Figure 1. Qualitative and quantitative estimation of RNA isolated by present and others methods.
(a) Total RNA isolated using present protocol from different internodal tissues of Bambusa balcooa. RNA (approximately 1.0 µg each) from 2nd; 5th and 10th in Lanes 1, 2 and 3 respectively were electrophorosed on 1.2% (w/v) formaldehyde denaturing agarose gel. The 28S and 18S rRNA bands were indicated by arrows.
(a1) Electrophoresis of PCR amplified GAPDH gene on 1% agarose gel using isolated RNA by present protocol as template (Lane 1); cDNA prepared from isolated RNA as template (Lane 2) and genomic DNA of bamboo as template (Lane 3).

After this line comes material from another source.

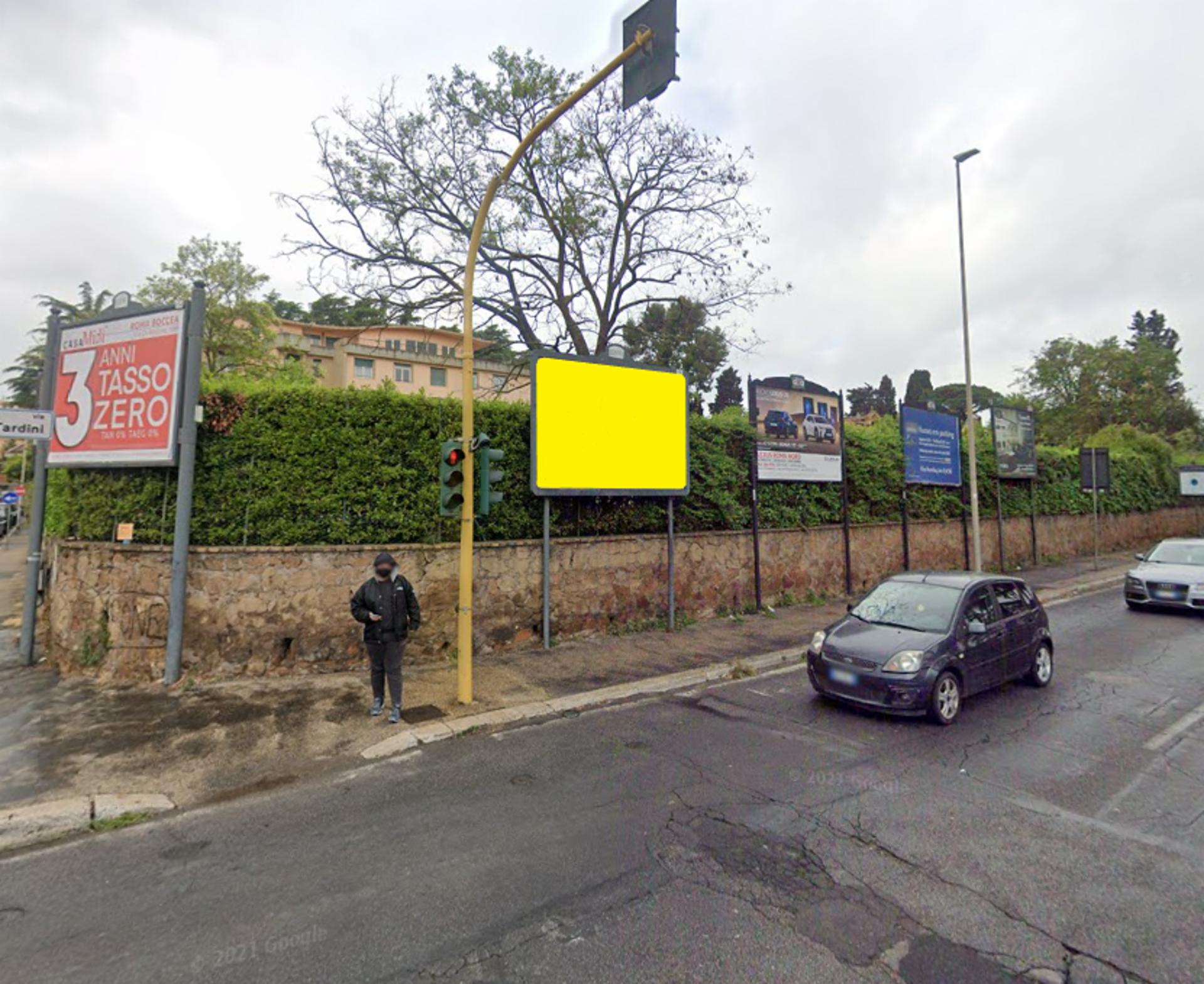 Impianto POSTER a Roma, in zona NaturaSì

(b) Comparison of total RNA isolated from 5th internode of Bambusa balcooa by different method on 1.2% (w/v) formaldehyde denaturing agarose gel. Lanes 1, using present method; 2, using method of Chan et al. 2007; 3, using method of Vasanthaiah et al. 2008; 4, using method of Chiu et al. 2006; 5, by Trizol Reagent (Invitrogene, cat.# 10296010); 6, using method of Weng et al. 2009.
(b1) RT-PCR band (GADPH, 476 bp) obtained using RNA isolated from 5th internode by different protocols. Lanes 1, using present method; 2, using method of Chan et al. 2007; 3, using method of Vasanthaiah et al. 2008; 4, using method of Chiu et al. 2006; 5, from Trizol Reagent; and 6, using method of Weng et al. 2009.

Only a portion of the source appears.